[Task instructions] Transcribe exactly, and only, the lines from the one with "adidas Superstar II" through the end of the records below, including both of those lines. Skip all pictures.

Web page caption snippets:
○ ○ ○ ○

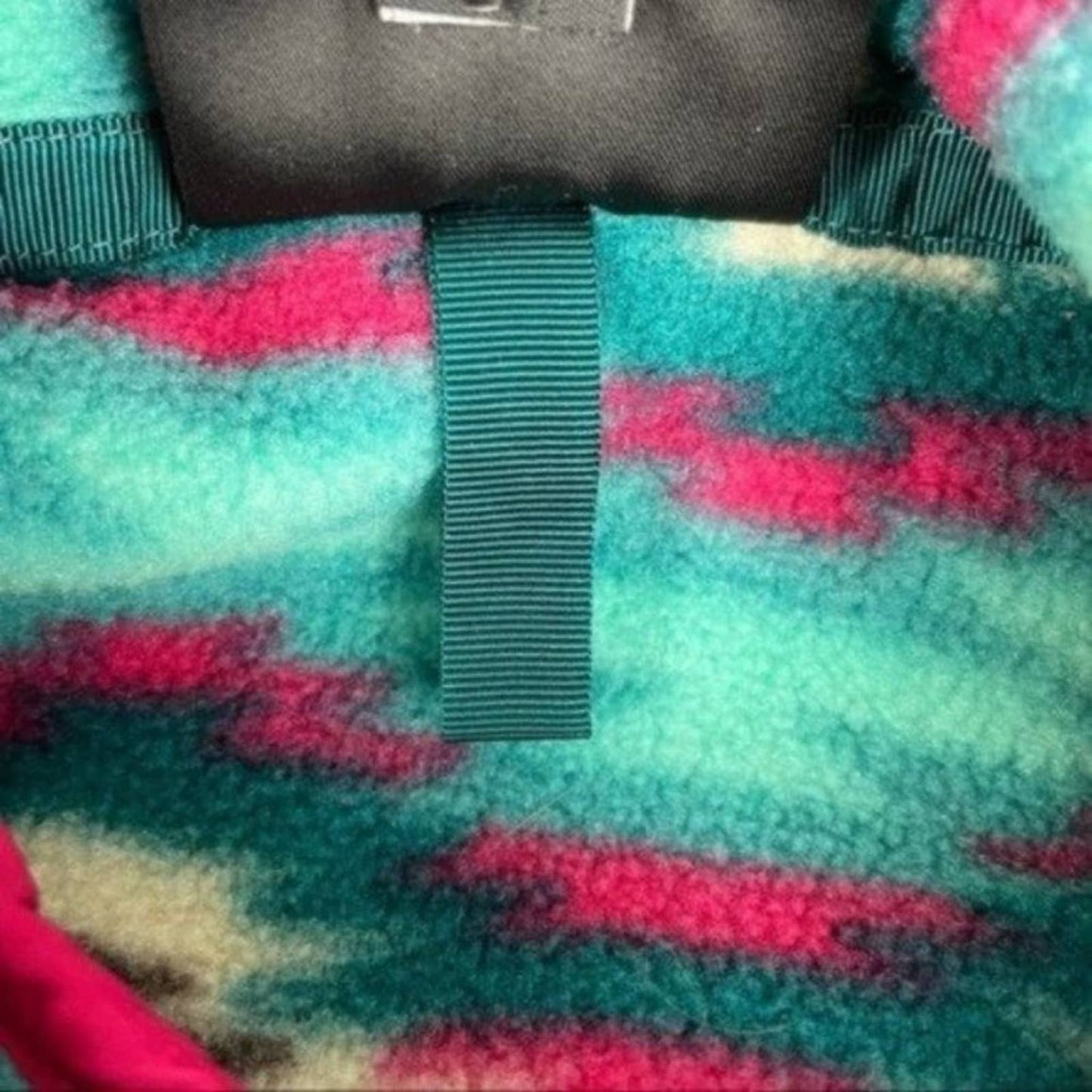 Patagonia Synchilla Wild Desert Beryl Green Fleece Geometric Southwestern Jacket Size XS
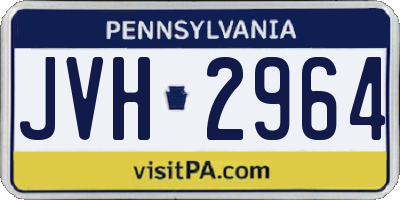 PA license plate JVH2964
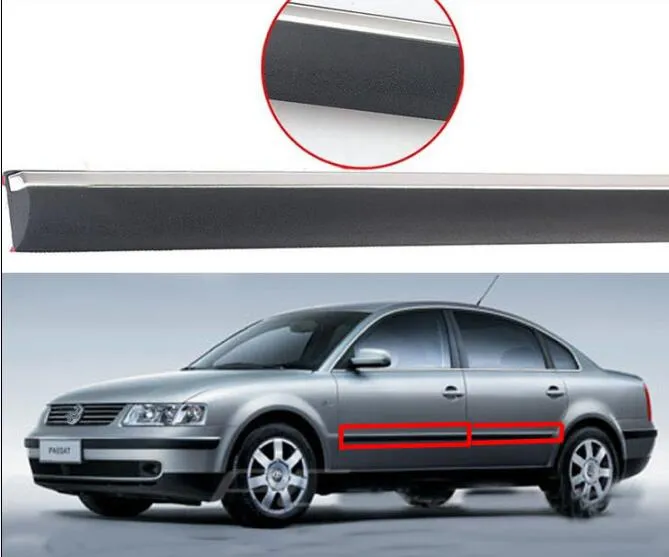 High quality stainless steel car door body side door protection scuff trim,decoration sticker for Passat B5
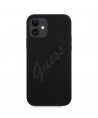 Guess GUHCP12SLSVSBK iPhone 12 mini 5.4" black/black hardcase Script Vintage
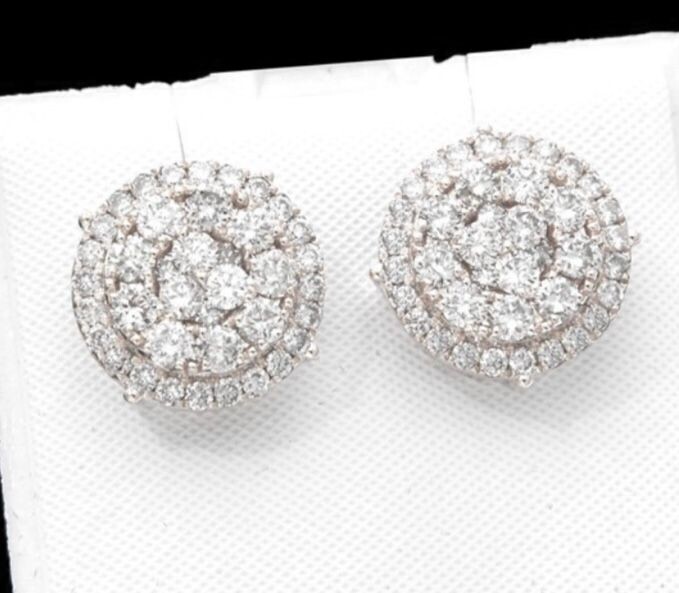 Diamond Stud Earrings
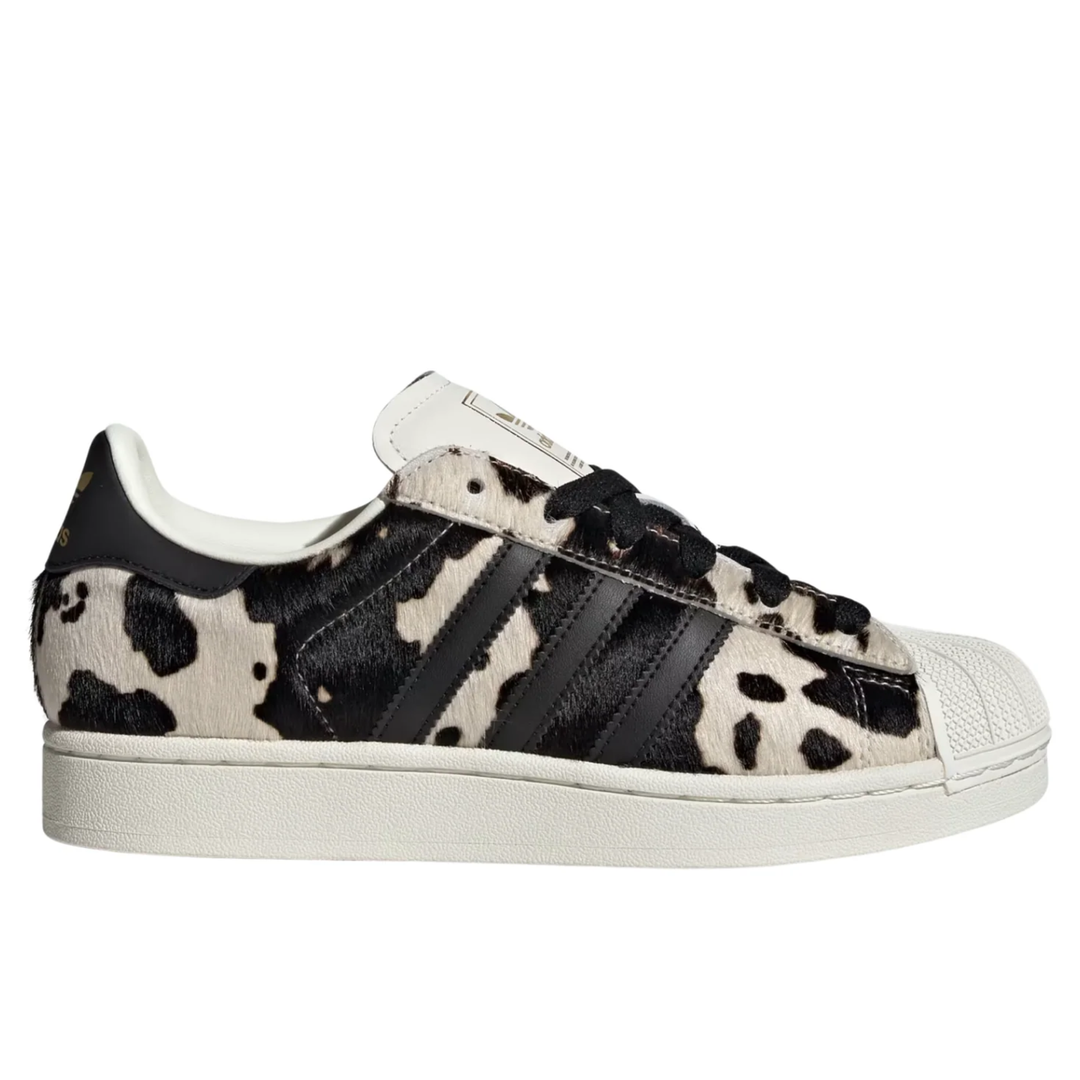 adidas Superstar II W "Cow Print" Białe Czarne JP8164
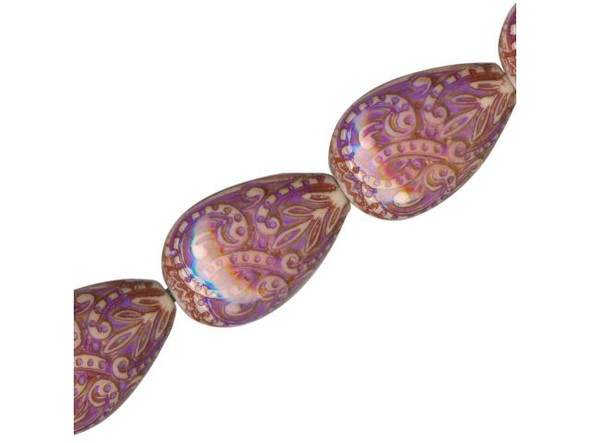 Color-Changing Mirage Bead, Fancy-Flame (10 Pieces)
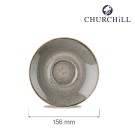 Sous-tasse cappuccino Stonecast gris, 156 mm - Finedine
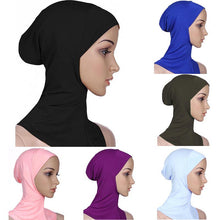 Full Cover Inner Muslim Cotton Hijab Cap Islamic Head Wear Hat  J4U66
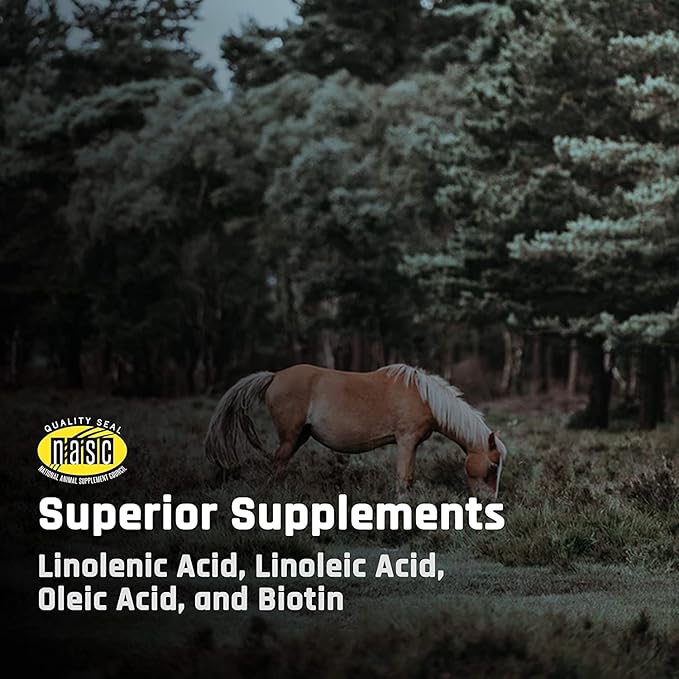 Majesty's Omega Wafers - Superior Horse/Equine Skin, Coat, and Immune Support Supplement - Omega 3, 6, 9, and Biotin (Regular, 2 Pack(120 Count Total))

○ ○ ○ ○

[Completed exercise]
 adidas Superstar II W "Cow Print" Białe Czarne JP8164
 Color-Changing Mirage Bead, Fancy-Flame (10 Pieces)
 Sous-tasse cappuccino Stonecast gris, 156 mm - Finedine
 Full Cover Inner Muslim Cotton Hijab Cap Islamic Head Wear Hat  J4U66
 Majesty's Omega Wafers - Superior Horse/Equine Skin, Coat, and Immune Support Supplement - Omega 3, 6, 9, and Biotin (Regular, 2 Pack(120 Count Total))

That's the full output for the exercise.